Muette a besoin d’exister en dehors du carcan familial, besoin d’une intimité pour prendre du plaisir sans rendre des comptes à quiconque, besoin d’être considérée pour autre chose qu’un encombrement, qu’une charge inutile, qu’une entrave pour sa mère. Elle culpabilise, elle est la source de tous les maux qui accablent ses parents, des paysans rustres, frustes, lourdauds, insensibles mais travailleurs ; elle n’était pas désirée, elle arrivée beaucoup trop tôt, sa mère était encore très jeune, elle rejette sur sa fille toutes les difficultés qu’elle a rencontrées à cause de cette grossesse prématurée. Muette est hypersensible, elle est concernée, affectée même, par tous les drames rapportés par les médias, elle prend tout à cœur, trop à cœur. « Arrête un peu, ça ne sert à rien de se faire du mal pour des choses qui se déroulent de l’autre côté de la planète ».

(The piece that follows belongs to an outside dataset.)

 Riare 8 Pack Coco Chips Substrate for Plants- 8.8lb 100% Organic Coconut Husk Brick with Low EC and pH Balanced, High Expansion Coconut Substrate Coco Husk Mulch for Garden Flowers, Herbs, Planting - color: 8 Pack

Dans son repaire, Muette se retrouve seule, seule confrontée à elle-même, à son histoire, à son passé, à l’absence de ceux qu’elle voudrait interpeller par sa fuite. Dans ses rêves, elle se transforme en un faune, Artémis des bords de Loire, pour se fondre dans la nature, se soustraire au genre humain porteur de tous les maux et tous les vices qui polluent le monde et le conduisent à sa perte. Elle cherche l’authenticité, la vérité, l’humanité sous sa forme originelle, la sérénité. La mue de Muette : « Elle fixe si longtemps son reflet qu’elle ne reconnaît plus rien de son visage. Sous ses yeux s’ouvre un passage, et quelqu’un d’autre émerge peu à peu de derrière sa peau ». Elle s’émancipe, se libère, tente d’échapper à sa mère à qui elle ressemble trop, « tu es bien comme ta mère », elle craint de reproduire ses comportements qu’elle a déjà infligés à ses poupées quand elle était enfant.
« Muette, c’est juste une question de silence, d’extrême retenue et de regard qu’il n’est jamais possible d’accrocher », juste une adolescente qui n’est pas totalement sortie de l’enfance et qui n’arrive pas à entrer dans le mode adulte ; juste un être pur et candide, un petit faune, qui veut croire encore en un monde qui n’existe que pour les animaux, pour ceux qui ne font jamais le mal par plaisir mais simplement par nécessité.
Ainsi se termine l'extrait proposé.